The problem >>
Using the string "Reithandschuhe" as the key, pull each matching line out of the records below.

────

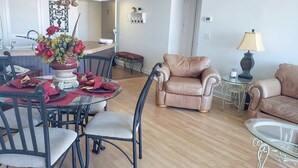 Dining - The Palace 2214 (Myrtle Beach)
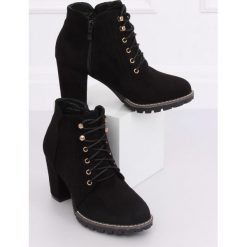 Botki na obcasie czarne 995-30 BLACK. Czarne botki FunKee.pl, bez wzorów, z zamszu, bez obcasa, na obcasie, bez zapięcia. Za 125.99 zł.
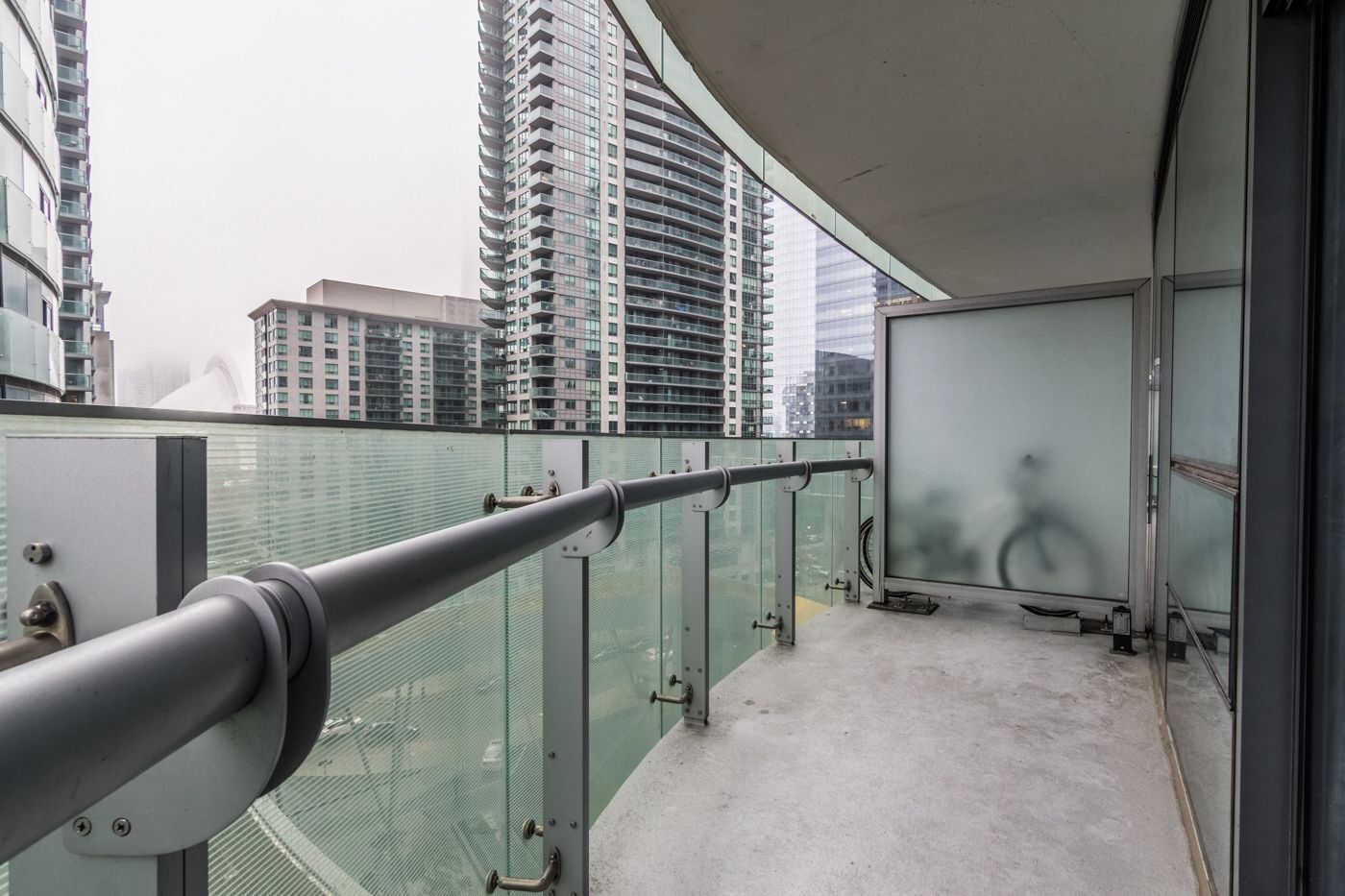 Aoc Suites - Two Bedroom Condo - City/Cn Tower View トロント エクステリア 写真
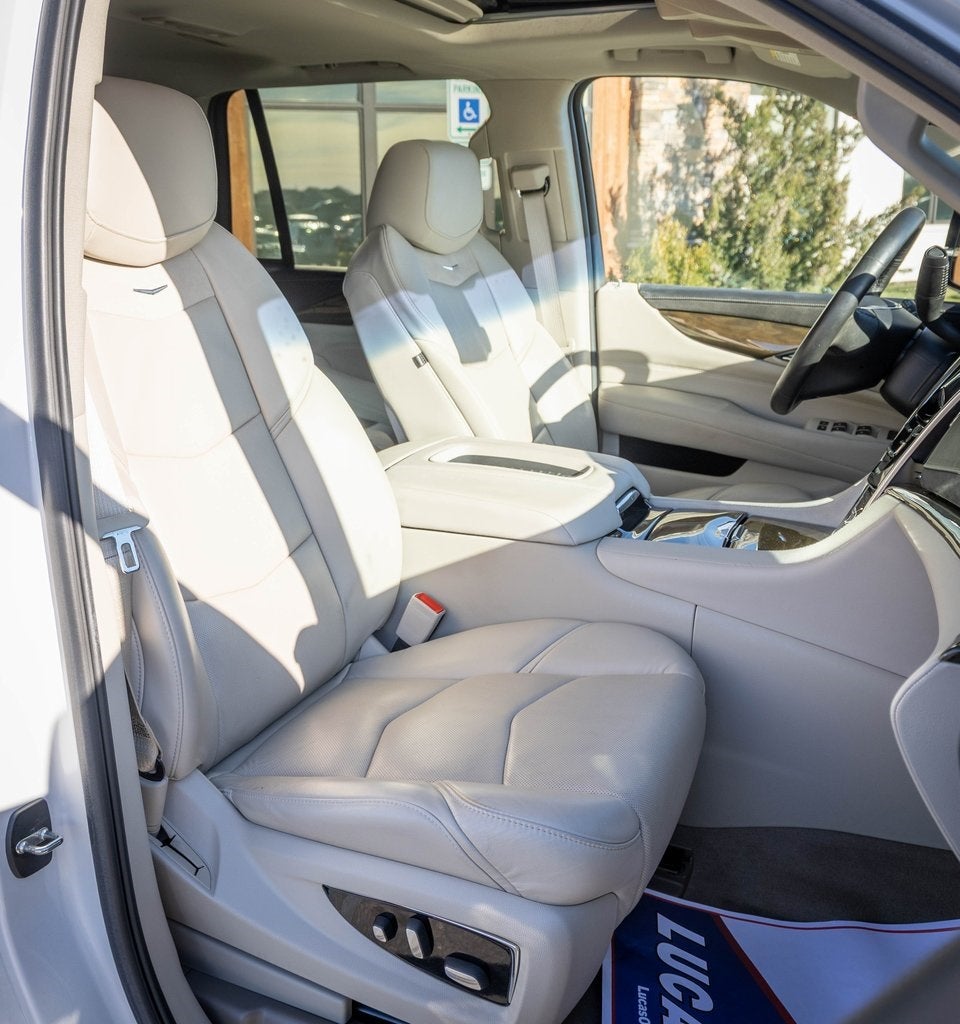 2018 Cadillac Escalade Luxury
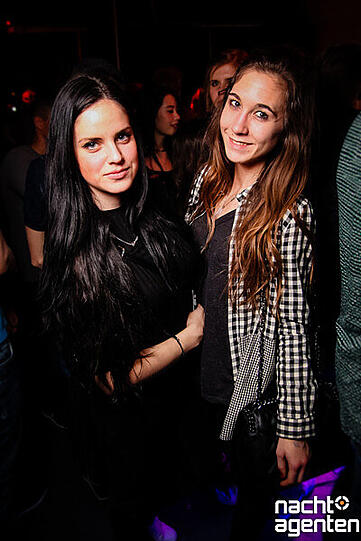 Klicken Sie sich durch die Partybilder aus den Münchner Clubs von Samstagabend. Finden Sie sich wieder?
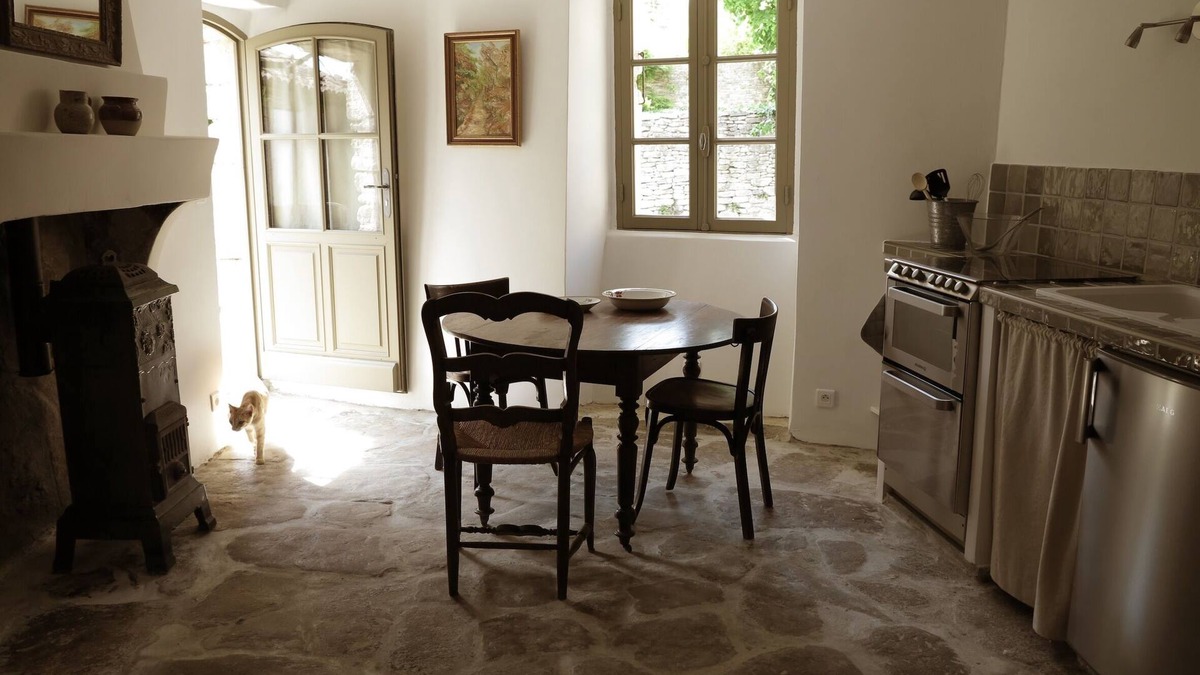 Goult House | Cozy 1 bedroom house, 2 min walk from the village square in GOULT. Pet friendly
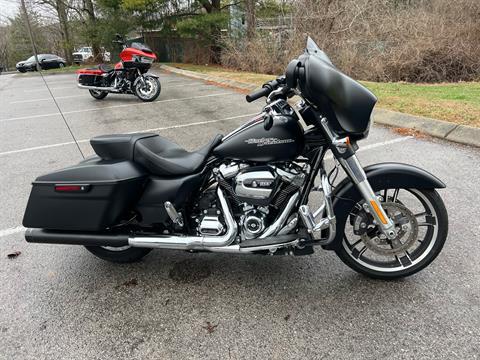 2017 Harley-Davidson Street Glide® Special in Franklin, Tennessee - Photo 8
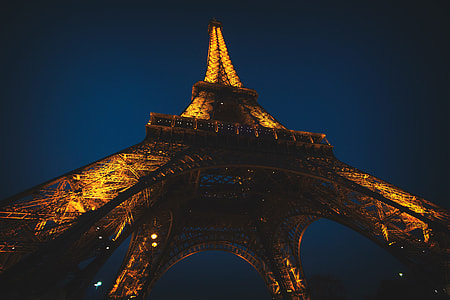 photo of Eiffel Tower, Paris during daytime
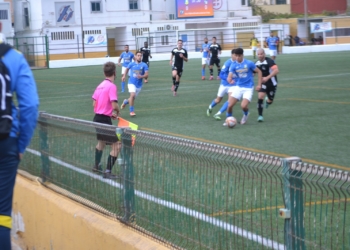 Los melillenses estuvieron cerca de remontar y ganar su primer partido .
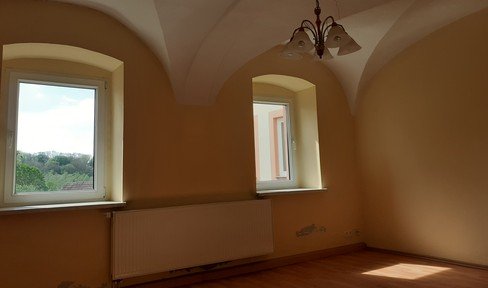 READY FOR IMMEDIATE OCCUPANCY ! Beautiful 2R-apartment in the center of Kohren-Salis 54 sqm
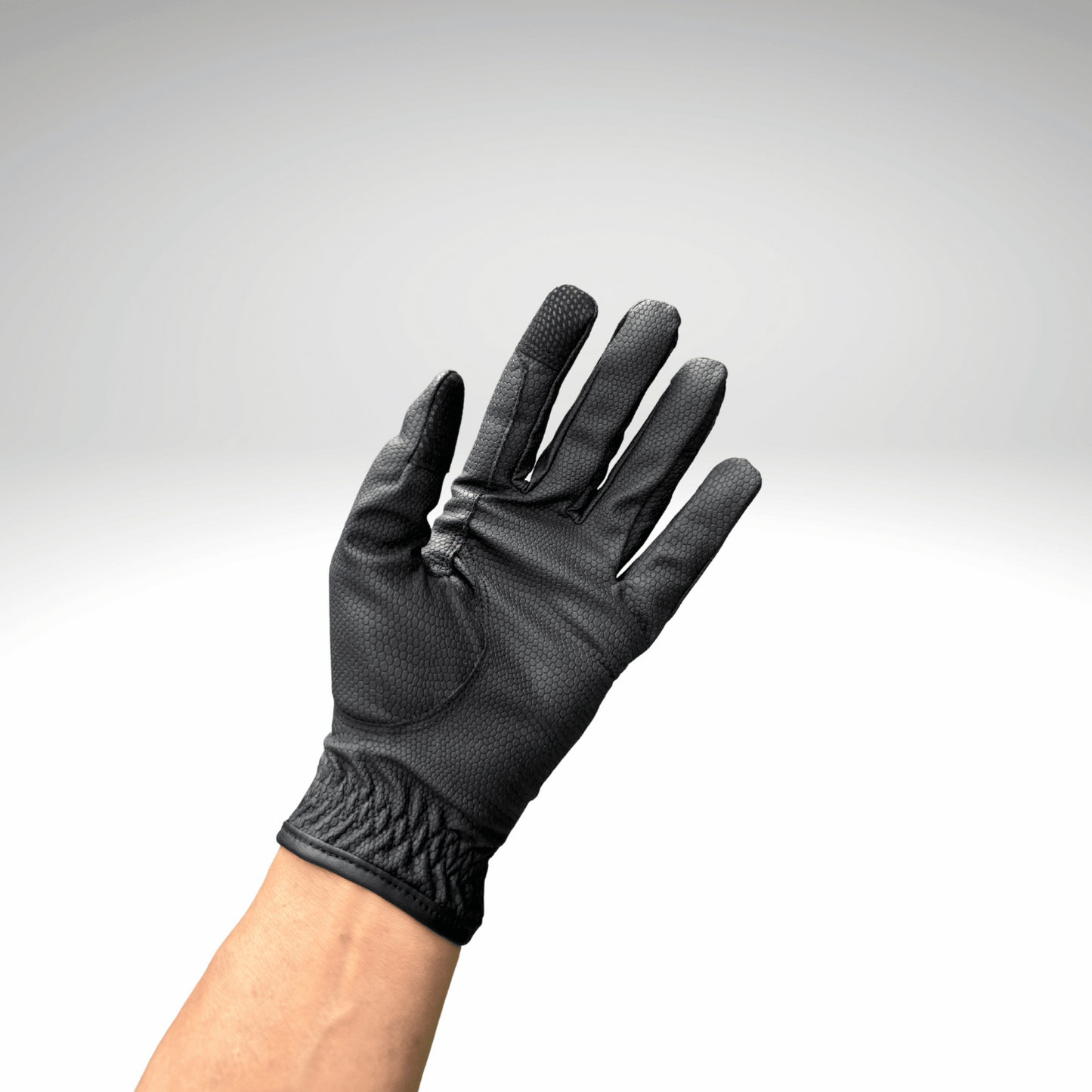 guantes de montar negros
black riding gloves
elegante Reithandschuhe
breathable horse riding gloves
guantes táctiles equitación
premium equestrian gloves
Reithandschuhe für das ganze Jahr
guantes técnicos para jinetes
stylish riding gloves
Reithandschuhe mit Logo
horse riding gloves with grip
guantes ecuestres ligeros
high-quality equestrian accessories
schwarze Reithandschuhe mit Klettverschluss
guantes de equitación transpirables
touchscreen compatible riding gloves
flexible Reithandschuhe
accesorios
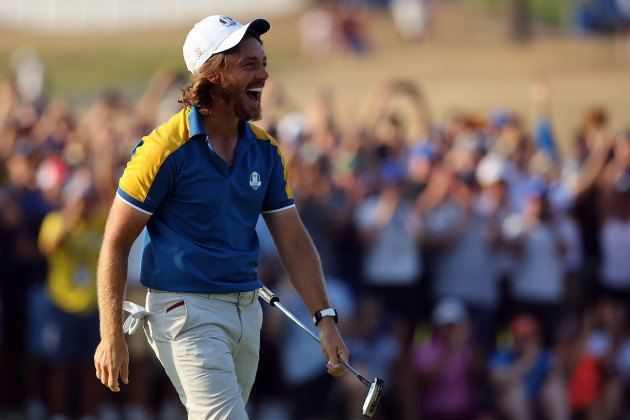 rome-01st-oct-2023-rome-italy-01-10-2023-tommy-fleetwood-score-the-last-point-at-singles-matches-and-europe-team-win-the-trophy-at-ryder-cup-2023-at-marco-simone-golf-country-club-di-guidonia-m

────

Response to the task >>
elegante Reithandschuhe
Reithandschuhe für das ganze Jahr
Reithandschuhe mit Logo
schwarze Reithandschuhe mit Klettverschluss
flexible Reithandschuhe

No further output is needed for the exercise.